## [WHAT IS EXPECTED]
Down to the last line, repeat the entries exactly.

Stored records:
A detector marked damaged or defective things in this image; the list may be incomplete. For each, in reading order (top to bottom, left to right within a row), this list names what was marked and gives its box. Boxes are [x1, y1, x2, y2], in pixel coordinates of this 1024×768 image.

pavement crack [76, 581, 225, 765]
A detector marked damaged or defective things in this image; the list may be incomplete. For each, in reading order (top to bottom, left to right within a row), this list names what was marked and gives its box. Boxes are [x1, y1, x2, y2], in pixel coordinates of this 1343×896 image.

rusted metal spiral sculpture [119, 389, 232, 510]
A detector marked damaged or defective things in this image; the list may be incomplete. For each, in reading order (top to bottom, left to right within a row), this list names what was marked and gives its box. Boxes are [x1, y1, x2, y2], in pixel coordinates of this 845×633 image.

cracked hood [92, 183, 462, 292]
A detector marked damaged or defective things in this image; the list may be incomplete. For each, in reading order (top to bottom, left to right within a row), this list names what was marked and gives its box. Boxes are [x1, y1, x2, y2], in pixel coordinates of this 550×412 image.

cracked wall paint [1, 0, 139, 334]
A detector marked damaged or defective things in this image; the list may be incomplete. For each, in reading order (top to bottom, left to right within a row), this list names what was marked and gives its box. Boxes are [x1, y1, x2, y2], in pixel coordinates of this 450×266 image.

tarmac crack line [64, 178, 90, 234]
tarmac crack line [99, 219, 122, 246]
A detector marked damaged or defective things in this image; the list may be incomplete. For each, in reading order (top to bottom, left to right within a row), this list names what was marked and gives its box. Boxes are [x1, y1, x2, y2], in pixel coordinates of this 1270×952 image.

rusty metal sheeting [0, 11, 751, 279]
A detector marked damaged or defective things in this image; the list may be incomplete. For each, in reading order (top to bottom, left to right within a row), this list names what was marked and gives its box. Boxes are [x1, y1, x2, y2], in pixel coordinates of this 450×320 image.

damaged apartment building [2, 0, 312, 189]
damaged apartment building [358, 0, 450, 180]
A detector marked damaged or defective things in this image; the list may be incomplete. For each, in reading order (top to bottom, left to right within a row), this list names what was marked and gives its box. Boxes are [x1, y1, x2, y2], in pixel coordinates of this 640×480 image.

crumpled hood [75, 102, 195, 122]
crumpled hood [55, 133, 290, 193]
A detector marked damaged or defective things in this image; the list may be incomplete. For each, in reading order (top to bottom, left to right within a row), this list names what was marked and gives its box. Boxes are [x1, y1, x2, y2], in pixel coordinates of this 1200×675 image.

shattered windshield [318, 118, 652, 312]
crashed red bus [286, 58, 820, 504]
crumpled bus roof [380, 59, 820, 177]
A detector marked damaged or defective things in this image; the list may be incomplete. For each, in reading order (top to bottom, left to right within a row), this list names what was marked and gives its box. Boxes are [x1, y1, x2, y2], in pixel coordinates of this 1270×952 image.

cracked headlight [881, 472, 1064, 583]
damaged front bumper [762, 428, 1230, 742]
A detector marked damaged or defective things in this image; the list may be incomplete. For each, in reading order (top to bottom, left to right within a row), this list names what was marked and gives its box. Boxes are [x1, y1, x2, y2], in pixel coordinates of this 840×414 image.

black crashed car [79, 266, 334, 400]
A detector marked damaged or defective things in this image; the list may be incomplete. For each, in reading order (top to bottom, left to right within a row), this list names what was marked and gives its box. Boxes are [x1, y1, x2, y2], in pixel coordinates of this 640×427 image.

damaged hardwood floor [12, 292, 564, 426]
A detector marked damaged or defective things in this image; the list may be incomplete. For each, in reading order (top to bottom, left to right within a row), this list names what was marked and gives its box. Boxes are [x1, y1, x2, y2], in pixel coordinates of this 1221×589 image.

## [COMPLETED EXERCISE]
A detector marked damaged or defective things in this image; the list may be incomplete. For each, in reading order (top to bottom, left to right within a row), this list names what was marked and gives its box. Boxes are [x1, y1, x2, y2], in pixel coordinates of this 1024×768 image.

pavement crack [76, 581, 225, 765]
A detector marked damaged or defective things in this image; the list may be incomplete. For each, in reading order (top to bottom, left to right within a row), this list names what was marked and gives its box. Boxes are [x1, y1, x2, y2], in pixel coordinates of this 1343×896 image.

rusted metal spiral sculpture [119, 389, 232, 510]
A detector marked damaged or defective things in this image; the list may be incomplete. For each, in reading order (top to bottom, left to right within a row), this list names what was marked and gives its box. Boxes are [x1, y1, x2, y2], in pixel coordinates of this 845×633 image.

cracked hood [92, 183, 462, 292]
A detector marked damaged or defective things in this image; the list may be incomplete. For each, in reading order (top to bottom, left to right within a row), this list names what was marked and gives its box. Boxes are [x1, y1, x2, y2], in pixel coordinates of this 550×412 image.

cracked wall paint [1, 0, 139, 334]
A detector marked damaged or defective things in this image; the list may be incomplete. For each, in reading order (top to bottom, left to right within a row), this list names what was marked and gives its box. Boxes are [x1, y1, x2, y2], in pixel coordinates of this 450×266 image.

tarmac crack line [64, 178, 90, 234]
tarmac crack line [99, 219, 122, 246]
A detector marked damaged or defective things in this image; the list may be incomplete. For each, in reading order (top to bottom, left to right within a row), this list names what was marked and gives its box. Boxes are [x1, y1, x2, y2], in pixel coordinates of this 1270×952 image.

rusty metal sheeting [0, 11, 751, 279]
A detector marked damaged or defective things in this image; the list may be incomplete. For each, in reading order (top to bottom, left to right within a row), this list names what was marked and gives its box. Boxes are [x1, y1, x2, y2], in pixel coordinates of this 450×320 image.

damaged apartment building [2, 0, 312, 189]
damaged apartment building [358, 0, 450, 180]
A detector marked damaged or defective things in this image; the list may be incomplete. For each, in reading order (top to bottom, left to right within a row), this list names what was marked and gives its box. Boxes are [x1, y1, x2, y2], in pixel coordinates of this 640×480 image.

crumpled hood [75, 102, 195, 122]
crumpled hood [55, 133, 290, 193]
A detector marked damaged or defective things in this image; the list may be incomplete. For each, in reading order (top to bottom, left to right within a row), this list names what was marked and gives its box. Boxes are [x1, y1, x2, y2], in pixel coordinates of this 1200×675 image.

shattered windshield [318, 118, 652, 312]
crashed red bus [286, 58, 820, 504]
crumpled bus roof [380, 59, 820, 177]
A detector marked damaged or defective things in this image; the list may be incomplete. For each, in reading order (top to bottom, left to right within a row), this list names what was marked and gives its box. Boxes are [x1, y1, x2, y2], in pixel coordinates of this 1270×952 image.

cracked headlight [881, 472, 1064, 583]
damaged front bumper [762, 428, 1230, 742]
A detector marked damaged or defective things in this image; the list may be incomplete. For each, in reading order (top to bottom, left to right within a row), this list names what was marked and gives its box. Boxes are [x1, y1, x2, y2], in pixel coordinates of this 840×414 image.

black crashed car [79, 266, 334, 400]
A detector marked damaged or defective things in this image; the list may be incomplete. For each, in reading order (top to bottom, left to right within a row), this list names what was marked and gives its box. Boxes are [x1, y1, x2, y2], in pixel coordinates of this 640×427 image.

damaged hardwood floor [12, 292, 564, 426]
A detector marked damaged or defective things in this image; the list may be incomplete. For each, in reading order (top to bottom, left to right within a row), this list names what was marked and gives its box. Boxes are [x1, y1, x2, y2], in pixel coordinates of this 1221×589 image.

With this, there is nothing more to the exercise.